A friend of mine went through an assessment. He thought he had autism. It turned out to be combined autism and ADHD, AuDHD. Somewhere in hearing him talk about his experience,  something clicked. Probably when he said, quite bluntly, ‘you have ADHD’.

I’ve thought about this a lot since. So much of my life has moved forward because someone else saw something in me first. All of the jobs I have ever done, someone recommended me. The idea of becoming a Delivery Manager, a friend suggested and kept pushing until I listened. Even this blog exists because of an external nudge, not an internal one.

That pattern makes a lot more sense to me now than it did before. One of the quieter, less-talked-about aspects of ADHD, particularly in adults who’ve gone undiagnosed, is a kind of future myopia. Difficulty imagining yourself in a future you’ve chosen for yourself. Never quite knowing what you actually want. Not pushing for things. Not because of lack of ambition, but because the mechanism that connects “I want this” to “I will pursue this” doesn’t fire the way it does for other people, at least, not for me. As well as the fact that quite a lot of the time it can be such an exhausting battle just getting through the day to day.

I never chose to go on holiday unless someone else suggested it. I never pushed for a job. I never really asked for much of anything for myself.

Which, when I think about it, makes aspiringdm.com quietly significant. This blog is me wanting and pursuing, something for myself. Possibly one of the first times I’ve done that deliberately.

What the Diagnosis Felt Like

It certainly wasn’t a big lightning bolt moment. There was no dramatic before and after.

I went to my GP and arranged a referral under the Right to Choose programme. Several months later, 4 in fact, which is considerably quick, I had a consultation and was subsequently diagnosed with inattentive ADHD. I actually only got half way through my list of ‘any additional symptoms’ before the consultant stopped me. Okay, okay, that’s more than enough she said….

My first thought was ‘Ah, shit, so that’s what’s going on….’ Finally having something to attribute it to. Decades of experiences that had felt like personal failings, the shutdowns, the scattered and frenetic energy, the sleep, the eating, allowing life to just happen instead of driving it, suddenly had a different explanation.

Reality followed immediately, a diagnosis isn’t a resolution. It’s a starting point. And I could feel, almost immediately, that there was going to be a lot of work to do. I chose to try medication, just to see if anything would happen, and it did. It’s only now, almost a year after the diagnosis and months of titration, that I feel more consistently balanced and able to start rebuilding. I’ll write about that separately.

That work is ongoing. I’m not going to pretend otherwise. This is only just scratching the surface, I will write more in depth about it elsewhere at some point, for the sake of catharsis.

So, what have I been doing in the meantime? 

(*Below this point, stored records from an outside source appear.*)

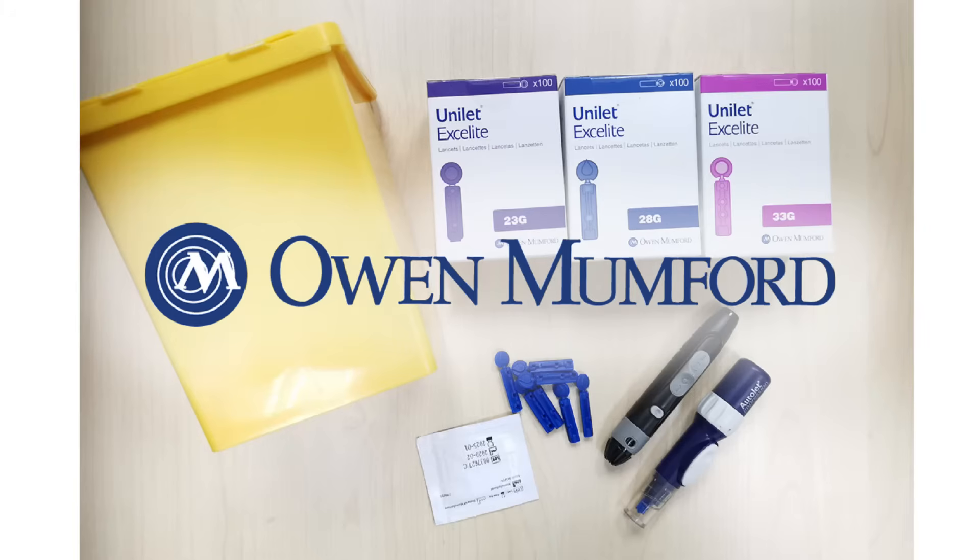Hi, I'm Joanne from Owen Mumford and I'd like to welcome you to our series of educational information on Owen Mumford medical devices and how to use them.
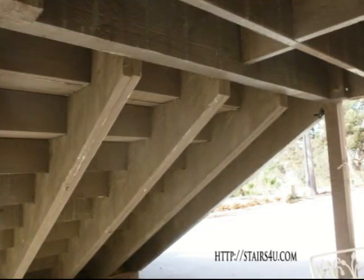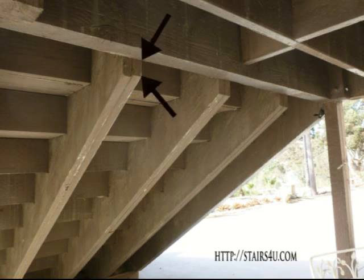Looking at the back of the stringers here, we have some double stringers nailed together and a single stringer on the far right. The area between the bottom of the stringer and the bottom of the beam is not supported by anything, and this could be a problem. Now, this stairway looks like it's been there for at least five years with no sign of any damage, and I'm not suggesting it's going to fall down.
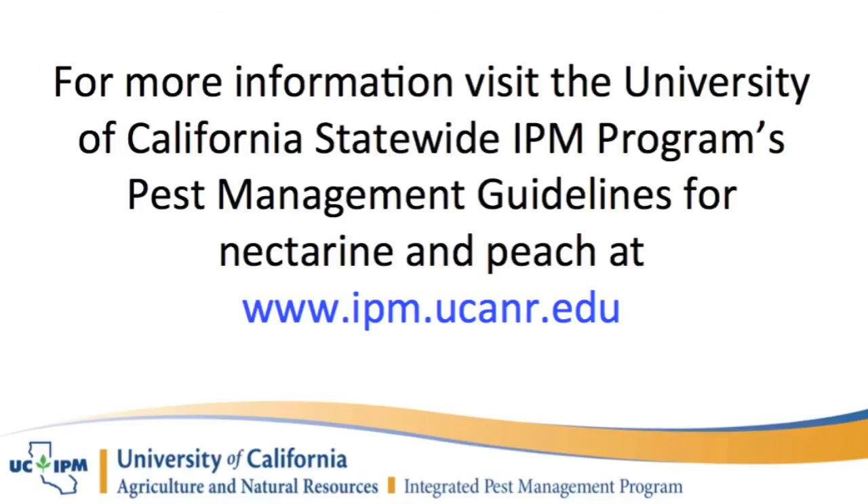For more information, consult the pest management guidelines for peach or nectarine at ipm.ucanr.edu.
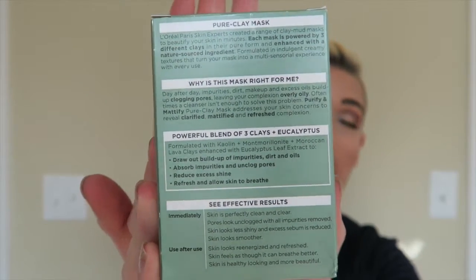The box says immediately skin is perfectly clean with pores looking unclogged, excess sebum reduced, and skin looking smoother. With continued use, skin looks regenerated, refreshed, and healthier — I completely agree with everything listed. The mask does get really hard on your skin as it dries, almost like a very tight feeling on your face and forehead, but I definitely recommend trying it.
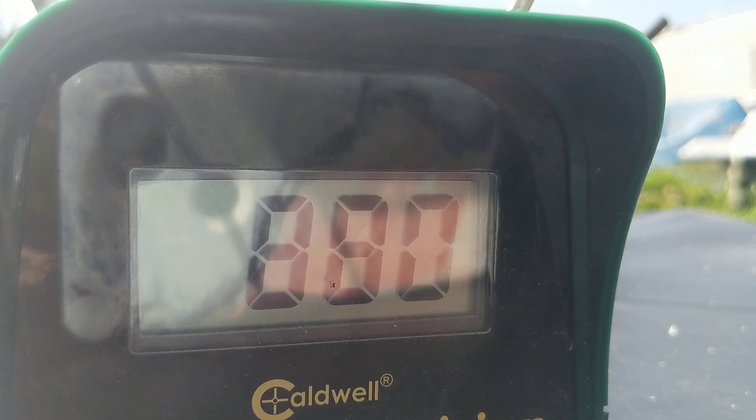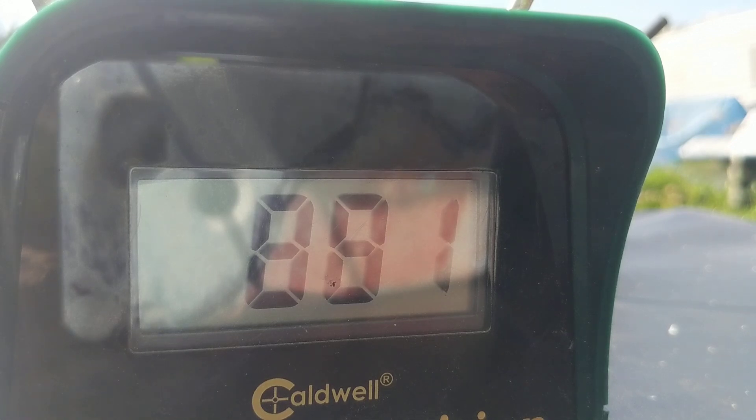I'm going to do the Diamondback a few more shots — I forgot to figure out what the energy was. Two shots: 881 and 864, around 870 average. So that's right around 24.5 to almost 25 foot pounds of energy. Pretty cool.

The blog went quiet but the journey didn’t stop. There will be posts about each to follow but the highlights are:

I’ve been volunteering as a Delivery Manager for ADHD Pathfinding UK, a volunteer initiative redesigning ADHD care navigation. Practical hands on experience and learning for which I am extremely grateful. This also gave me some great connections and opportunities. Which led to some brilliant DM coaching sessions and conversations.

I attended DeliverCon, the biannual unconference for delivery managers in and around the public sector. It certainly gave me a lot to think about as well as motivation, inspiration and positively reinforcing some observations and assumptions. There will be dedicated posts coming about the experience and some of the discussions in detail over the coming weeks, including one on the careers that lead people into delivery management, and another on what actually makes a good DM. Both hit differently when you’re sitting in the room as a ‘practice’ one.

And I’m actively looking for my first paid DM role. That journey is going to be part of this blog going forward.

If any of this resonates with you, the late diagnosis, the circuitous route, the feeling of finally moving toward something you’ve chosen despite the setbacks, I’d genuinely like to hear from you.


It turns out I’m getting better at wanting things for myself. This is one of them.